The effect of nutrient supply levels and rainfall periods on dry biomass production, N uptake, FNRE, AE, and IE was evaluated with a mixed-effects linear model ANOVA, where the fixed effects were the N, P, and K nutrient supply levels and rainfall periods and the random effect was the two years selected within each rainfall period. Adding the random effect significantly improved the model for each dependent variable. The main effects and interactions were examined in all possible combinations.

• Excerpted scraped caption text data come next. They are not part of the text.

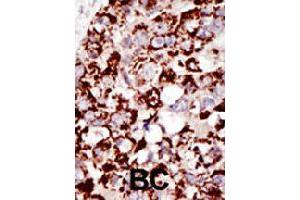 Formalin-fixed and paraffin-embedded human cancer tissue reacted with PIGK polyclonal antibody  , which was peroxidase-conjugated to the secondary antibody, followed by DAB staining . (PIGK Antikörper  (C-Term))
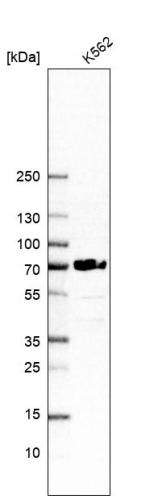 Western blot analysis in human cell line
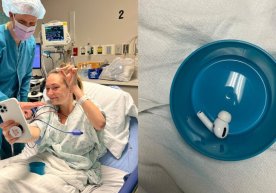 Америкалик аёл тасодифан AirPods Pro’ни ютиб юборди фото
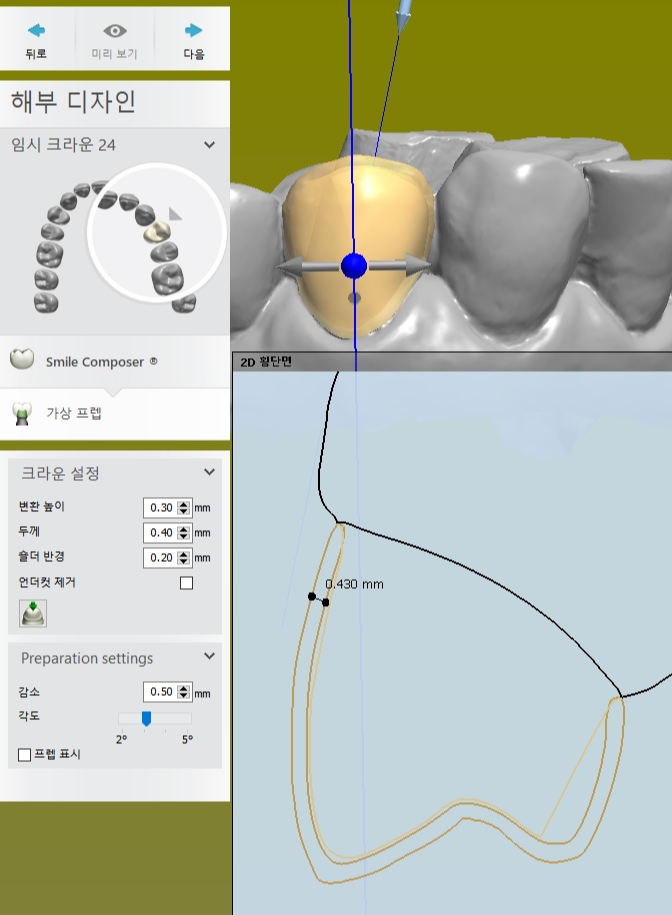 임시치아 두께 설정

Significant differences between treatment groups were tested with Tukey’s HSD post hoc test at p < 0.05. In order to obtain a more precise understanding of the effect of the investigated factors, we calculated the partial eta-squared effect sizes for the effects or interactions that proved to be significant. Partial eta-squared is the proportion of variance linked to an explanatory variable that is not explained by other variables in the model. The following rule applies to the interpretation of effect sizes: <0.01 = very small, 0.01–0.06 = small, 0.06–0.14 = medium, >0.14 = large [31]. The statistical evaluation of the data was conducted with R software (version 4.4.0) [32], and the figures were made with the ggplot2 package (version 3.5.1) [33].

3. Results

N, P, and rainfall had a significant main effect on each of the parameters studied, while K had no significant effect on FNRE or IE (

Table 2. Significance of F-values for each source of variation.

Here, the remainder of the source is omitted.